Cierpliwość popłaca. To akurat Ciepły wiedział od dawna. Ciężej stawało się, gdy to on faktycznie miał przejawiać jej więcej niż odrobinę. Opanowanie sztuki długiego wyczekiwania zajęło mu parę księżyców, ale powoli było widać tego efekty. Jego mentor nieubłaganie na największą próbuję wystawiał właśnie tę jego umiejętność. Dlatego właśnie uczeń nie miał najmniejszych oczekiwań co do pierwszego pomagania przy polowaniu. To właśnie była jego coraz lepsza metoda na brak frustracji. W jego przypadku okazała się nad wyraz skuteczna. Uczeń wiedział, że nauka teorii oraz podstaw nie mogła być jedynym, co przyswajał, ale wiedza ta leżała gdzieś z tyłu jego głowy. 
Biorąc pod uwagę powyższe czynniki, łatwo zrozumieć zaskoczenie Łapy, kiedy Lekkie Serce oznajmił, że dla odmiany zajmą się właśnie praktyką. Zdziwienie nie odbiło się jednak na pysku Ciepłego, a jedyne, na co sobie pozwolił w tej sytuacji to lekkie machanie ogonem. Odrzucił też wszystkie myśli typu „Nareszcie!” oraz „Najwyższy czas”. Jego mentor na pewno wiedział lepiej, że to odpowiedni moment. 
Niestety, radość syna Rzepakowej związana z progresem szkolenie nie trwała długo. W zasadzie to dosłownie do chwili, kiedy jego oczom ukazał się jego brat oraz Sowi Pazur. Przez większość drogi zastanawiał się, czyj to właściwie był pomysł. Pierwszy przez myśl przeszedł mu Omszony, ale szybko odrzucił tę opcję i zganił się w myślach. Nie mógł na niego zrzucać wszystkich złych zdarzeń na świecie! Ale, ale, jeśli to nie był on, to musiał być to w takim razie jeden ze starszych psów. Tylko dzięki tej myśli młody jakoś zaakceptował tę wyprawę. 
Gdy dotarli do miejsca w środku lasu, okazało się, że mają za zadanie polować na wiewiórki. Nie był to jedynie test ich wiedzy, ale przez dobór zwierzyny, także szybkości. Oczywiście w przypadku dzieci Gwiazdy słowo „współpraca” nie istniało. Od samego początku było jasne, że są to swego rodzaju zawody. Ostatecznie oboje ledwo złapali po jednej, chociaż spędzili na ganianiu za gryzoniami prawie cały dzień. 

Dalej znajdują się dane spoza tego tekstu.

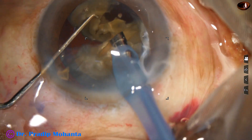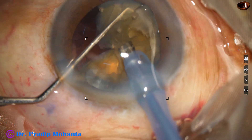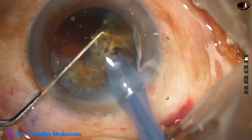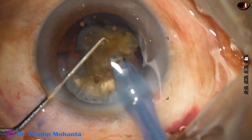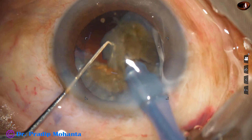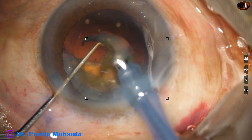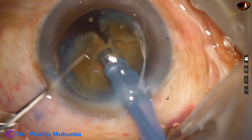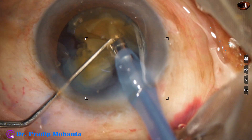Emulsification of the pieces is in progress. This is the last piece of one heminucleus. Whenever a fragment is large, we subdivide it into smaller pieces and emulsify. You can see that no free fragment is going upward and hitting the corneal endothelium — this is the way to protect the corneal endothelium.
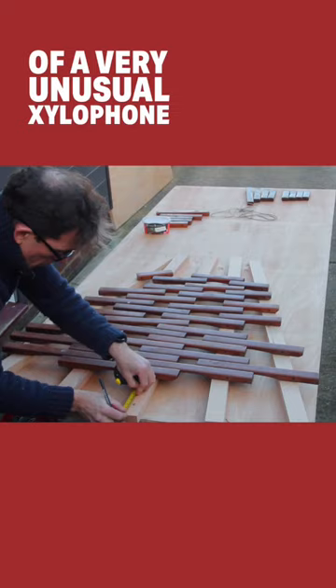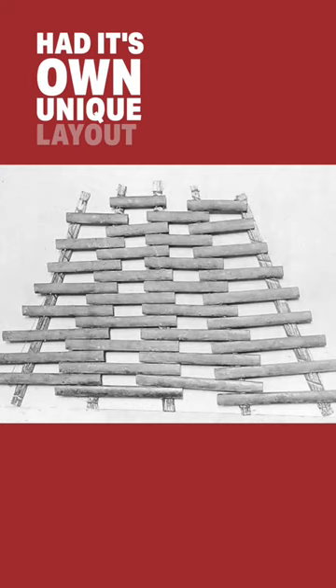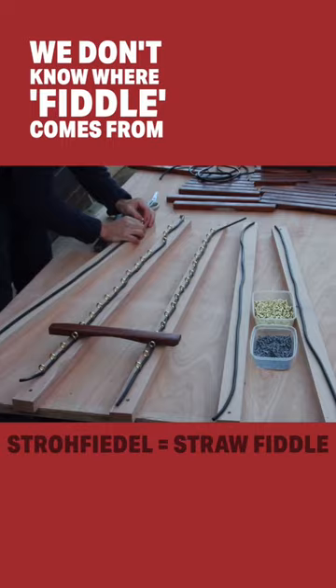What you are watching is the building of a very unusual xylophone. Back in the 19th century, the xylophone, or strawfiedle, had its own unique layout, completely unlike the piano. We don't know where fiddle comes from, but the notes were laid on beds of straw.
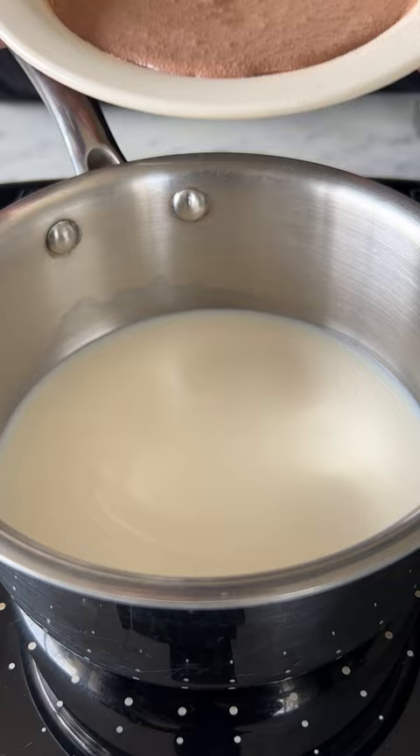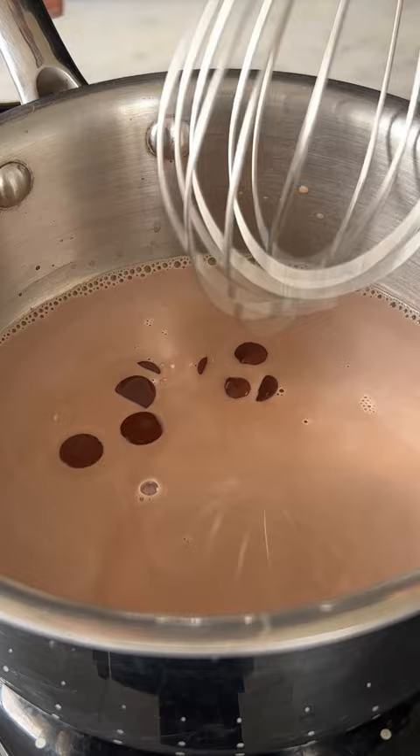And once the sugar melts, add in the cornflour slurry along with 3 tbsp of chocolate and cook this until the mixture thickens. Pour this over our coconut ice cubes. And there you go — your Bounty Cold Cocoa is ready and it is so good.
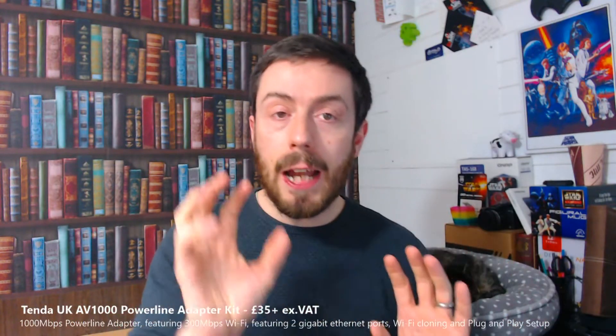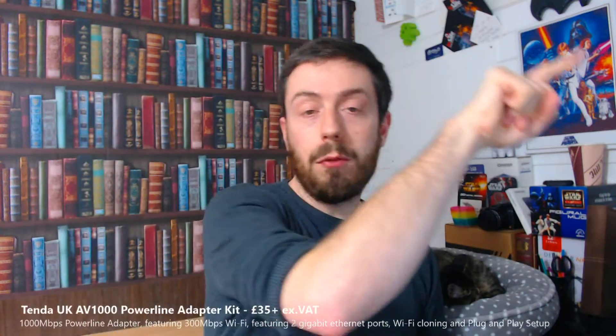Powerline extenders, or powerline adapters depending on where you buy them from, are the means to have a NAS somewhere in your home or office and be able to access it via LAN or Wi-Fi from another location much further away. A number of you might have homes or buildings where the walls are just too thick for Wi-Fi, or the NAS is going to be placed somewhere that doesn't have traditional network access, or the device you're accessing the NAS with doesn't have traditional network or internet access.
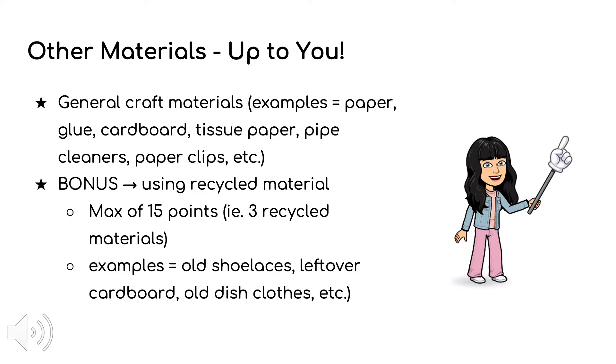As for building the actual landing device, feel free to use your imagination. Any general craft materials such as paper, glue, cardboard, tissue paper, etc. are okay to use. In addition, bonus points will be awarded for using recycled or repurposed materials. This includes any old items that you have repurposed in the design of your landing device.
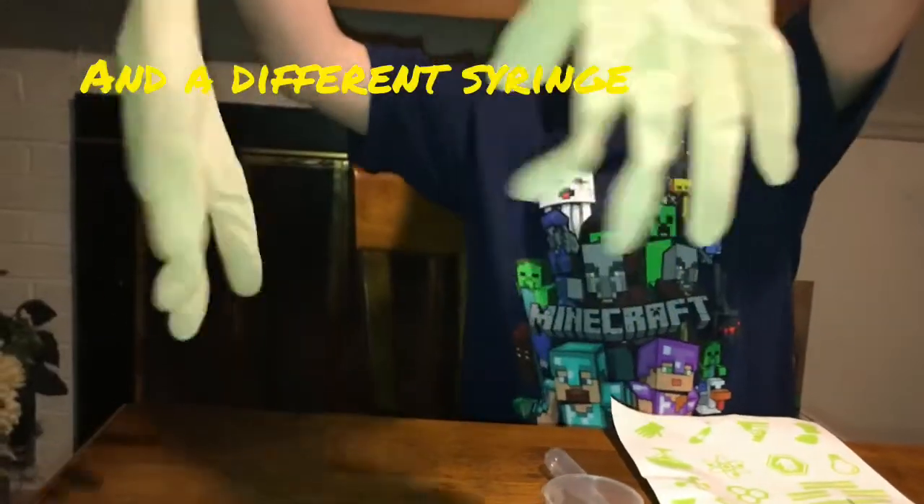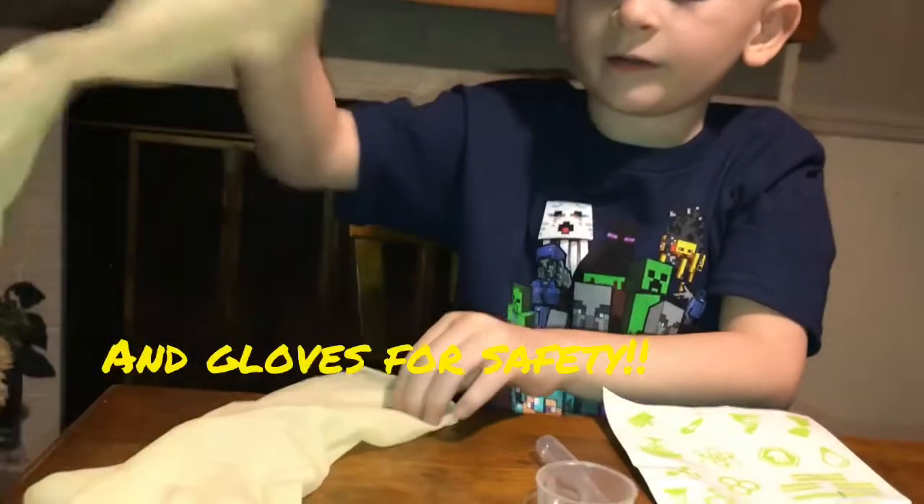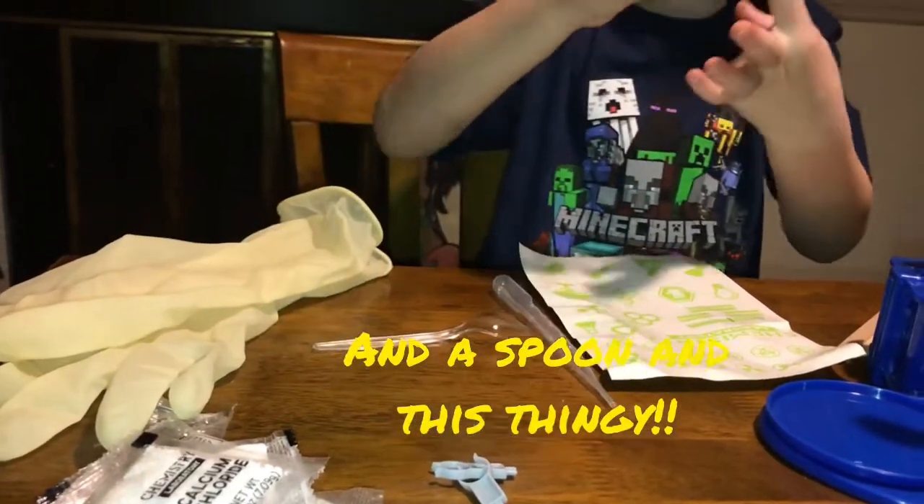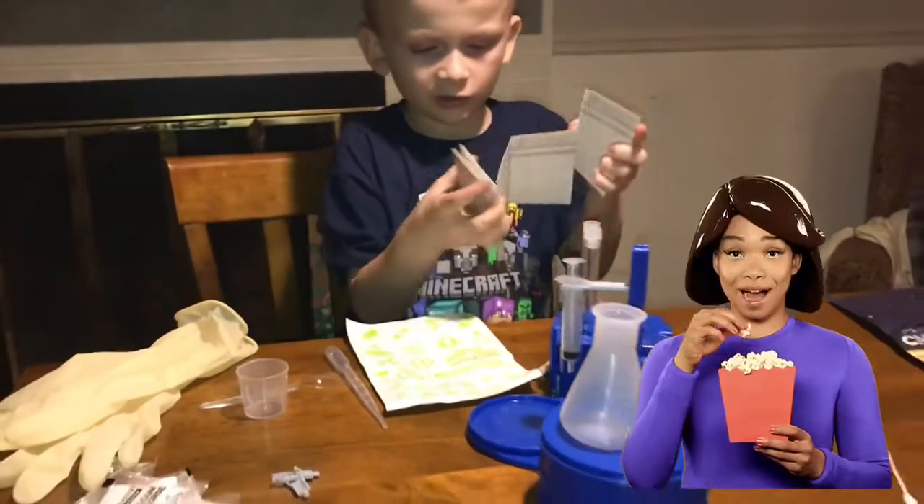It comes with stickers to decorate, and it comes with a syringe — this is a different syringe. It comes with gloves. You know why? Because safety! And it comes with a spoon and this full thing.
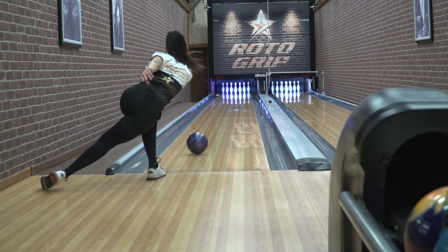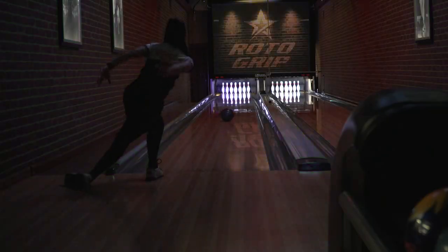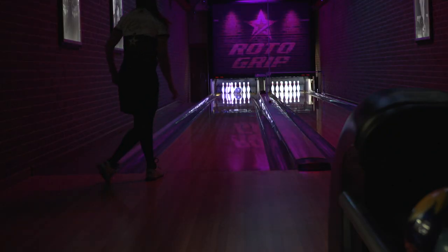Sometimes in some of the patterns that we bowl on, having that flip motion can get you in trouble. This ball will come into play when those balls are getting too flippy, going too long. This will be a smoother motion that is also tame down the lane.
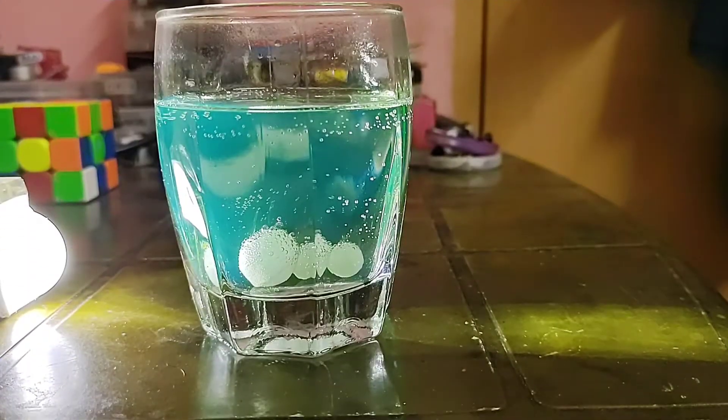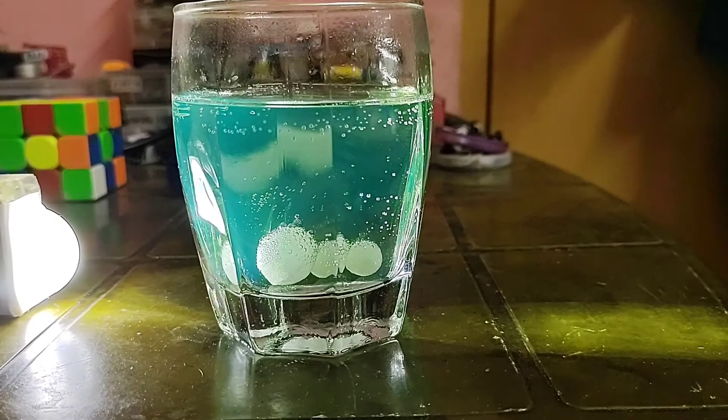After the setup is ready, you must add a little bit of baking soda in the solution to initiate the carbon dioxide coming out from the naphthalene. Now I will add it — you can see it here.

 Moja jes więchsza  rzucił Omszony z wyższością, dzierżąc zdobycz w zębach. 
Ciepły zerknął na niego, po czym wywrócił oczami. Nie zamierzał robić z siebie kretyna przy dwóch wojownikach, a już czuł, że do tego pije jego brat. Samo rozmawianie z pełnym pyskiem, przyprawiało go o sporą dozę niechęci. Niby starszy uczeń próbował jeszcze nawiązać jakąś rozmowę, czy inny kontakt, ale ostatecznie odpuścił sobie, gdy został całkowicie zignorowany. W każdym innym przypadku takie zachowanie nakręciłoby go bardziej. Tym razem jednak obaj byli zmęczeni, a tuż za nimi szli spokojnie ich mentorzy. Omszony musiał jakoś przełknąć fakt, że tym razem trafił na głuchą ścianę. Dlatego właśnie powrót odbywał się w relatywnej ciszy. 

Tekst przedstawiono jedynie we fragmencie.